January 19, 2007 – Austin Diocese Tops $80M; Total Nearly Doubles Early Fundraising Goal

Austin Business Journal – by Jenny Robertson ABJ Staff

Less than a year after announcing its first-ever capital campaign, the Roman Catholic Diocese of Austin has almost doubled the amount it hoped to amass from the huge fundraising effort.

The diocese formally launched the campaign last March, with a goal of raising $45 million to help fund its rapidly growing fellowship. To date, the group has received more than $80 million in pledges.

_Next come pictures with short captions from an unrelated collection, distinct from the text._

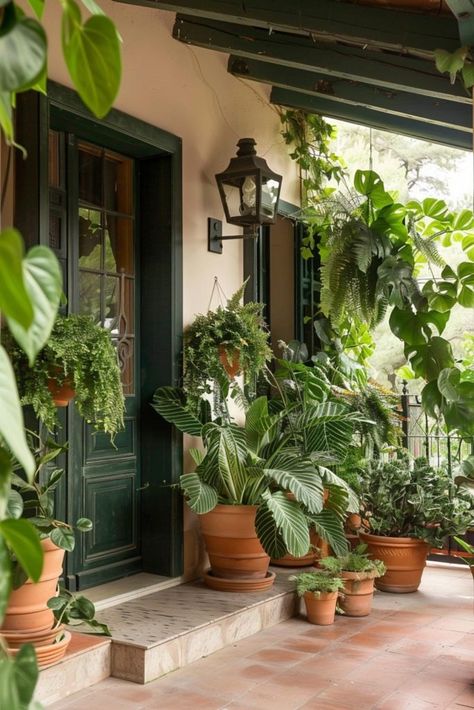 45 Small Front Porch Decor Ideas To Maximize Your Curb Appeal Garden Entrance Ideas Entryway, Sala Farmhouse, Mexican Courtyard, Outdoor Entryway Decor, Small Front Porch Decor, Front Porch Plants, Terrace Patio, Front Porch Decor Ideas, Porch Plants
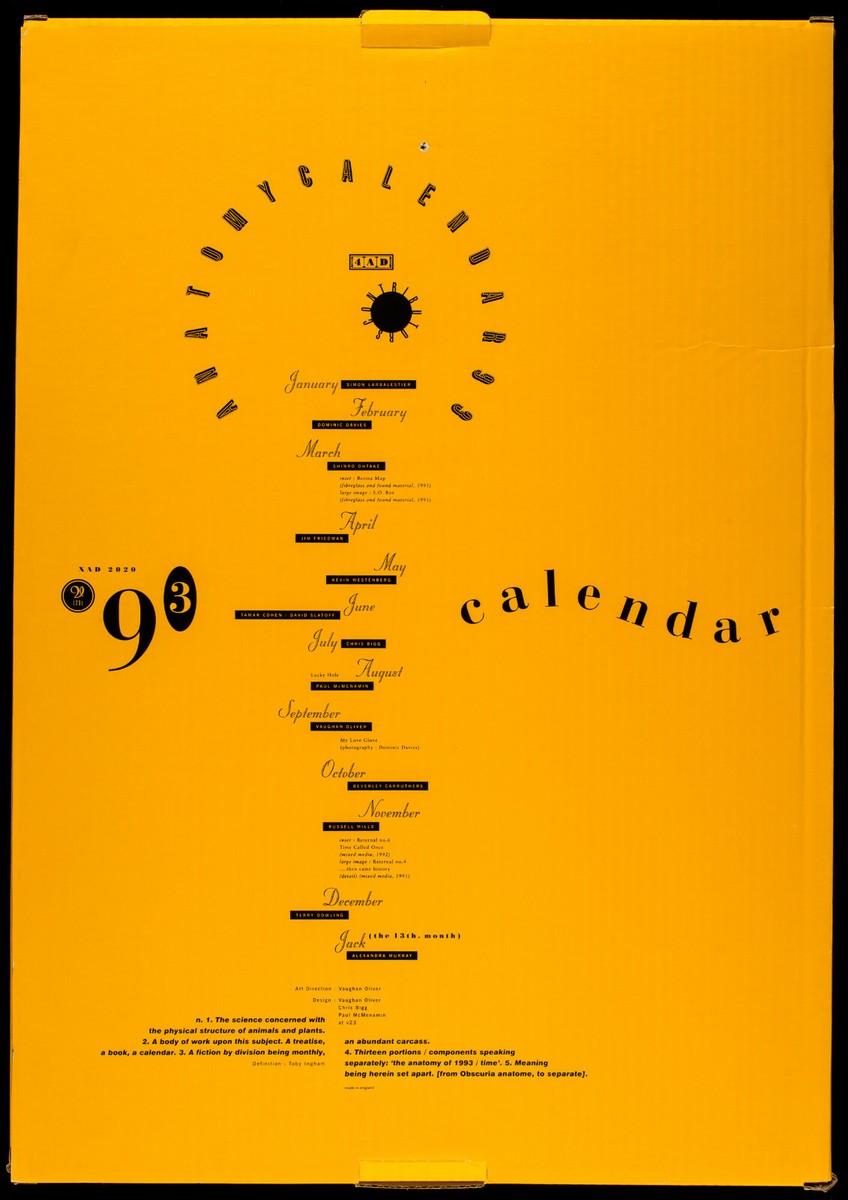 4AD records × 23 Envelope 壁掛けカレンダー 1993年 Rare - 1993 Vaughan Oliver/4AD/23 Envelope Anantomy Calendar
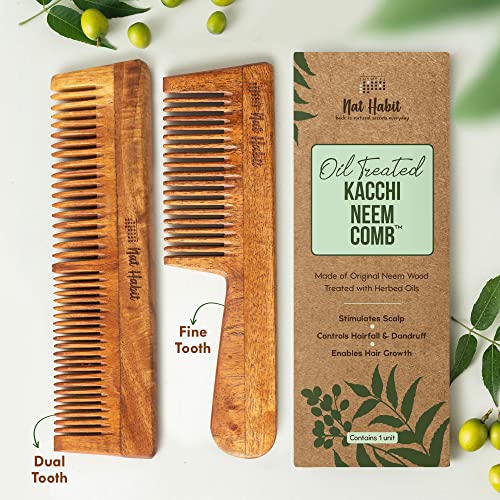Nat Habit Back To Natural Kacchi Neem Wooden Comb - Dual Combo, 18-20cm, Frizz & Hairfall Control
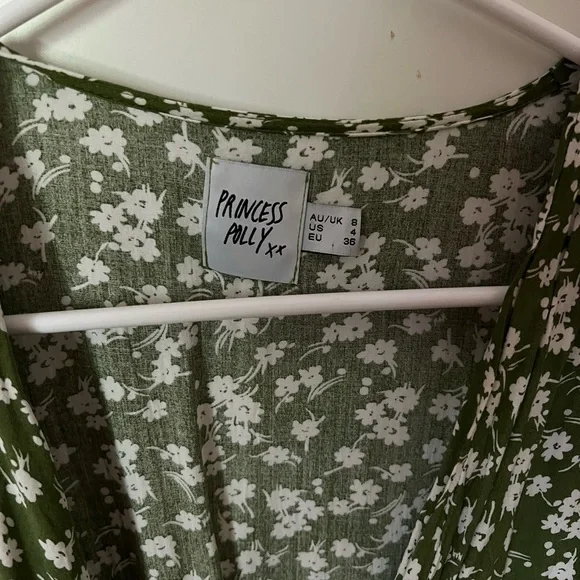 Princess Polly Ragnar Tie Front Romper Green Floral Women's Size 4 - Picture 11 of 13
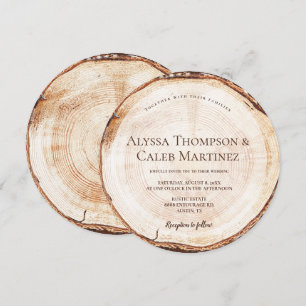 Invitación Personalizado del tema de la madera rústica Novia 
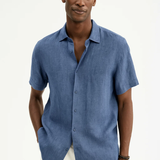 Cămașă cu Buton - Guler Deschis și Mâneci Scurte Ventilate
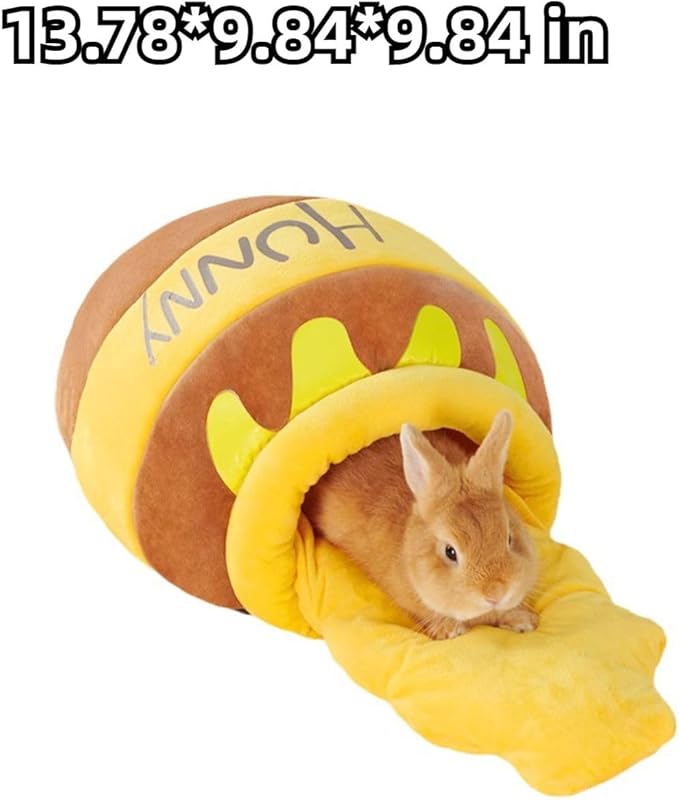 Rabbit Honeypot Bed House - Bunny Hideout Warm Fleece Cuddle Cup Snuggle Sack with Removable Cushion Guinea Pig Hideout Sleeping Cave for Rabbit Guinea Pig Ferret Chinchilla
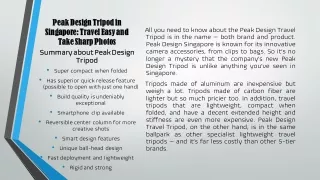 Peak Design Tripod in Singapore: Travel Easy and Take Sharp Photos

The local diocese used fundraising techniques that are proving successful around the country, according to industry experts. And they say the Austin group’s effort represents a larger return to broad fundraising campaigns among Catholic institutions.

After conducting an initial feasibility study, church leaders quietly began the campaign in January 2006 by asking for large leadership gifts, receiving several million dollars in donations. The diocese then started a pilot phase with seven of its parishes to determine whether its fundraising targets were realistic.

Quickly, the pilot groups almost doubled their collective goal.

“From that point on, we knew that this campaign was going to be a huge success,” says Scott Whitaker, director of stewardship and development for the Austin diocese, which covers 125 parishes.

The diocese spans 25 counties and more than 20,000 square miles. Between 1990 and 2003, the area’s Catholic population has grown twice as fast as the overall Central Texas population.

That’s left the diocese with major needs.

But prior to the campaign, the group’s operating budget paid only for day-to-day expenses, Whitaker has said. The new money will fund four main areas: seminary education for new priests, Catholic education, Catholic charities and accommodations for priests’ retirement.

But a large chunk of the funds will go back to the parishes themselves to pay for construction, debt reduction or endowments, Whitaker says — and he attributes much of the campaign’s success to that sharing system.

The campaign involved a sort of rebate for local parishes. Each had a target goal, and the diocese returned 20 cents of every dollar in that number back to the parish. For every dollar exceeding the goal, the diocese gave 80 percent to the parish.

With the original $45 million target, the diocese had planned on returning about $8 million to local parishes. Under the expanded $80 million amount, parishes will receive somewhere around $30 million.

Dan Conway, president of Dallas-based RSI Catholic Services Group, says such rebates are a relatively new feature of Catholic capital campaigns, popping up around 2000. But they can prove extraordinarily successful, he says.

“Tip O’Neill used to say all politics is local,” Conway says. “Well, all church is local. People experience their church by and large in their parish. It’s important to draw them out to see the larger need, but they can see it more clearly if there’s a link between the parish and diocese.”

And large campaigns on the part of a diocese sometimes stalled smaller, individual church campaigns, says Paul D’Alessandro, president of Florida-based Harvest Development Inc., a fundraising consulting firm.

Rebate systems “are a way of being equitable,” he says. “All the parishes have needs.”

Following the church’s sex abuse scandals and the economic downturn after Sept. 11, 2001, many dioceses shied away from large fundraising efforts, Conway says, into a “self-imposed hibernation.”

But giving to efforts such as annual appeals remained steady, he says. And now many dioceses are contemplating or starting large campaigns again.

“If we Catholics have learned anything in the past five or six years, we’ve learned that Catholics are faithful and committed in spite of mistakes that are made by their leaders,” Conway says.

In fact — much as in higher education or health care — fundraising is becoming a way of life among religious institutions, D’Alessandro says.

“We have a saying in our company,” he says, “you’re either in a campaign, or you’re planning for one.”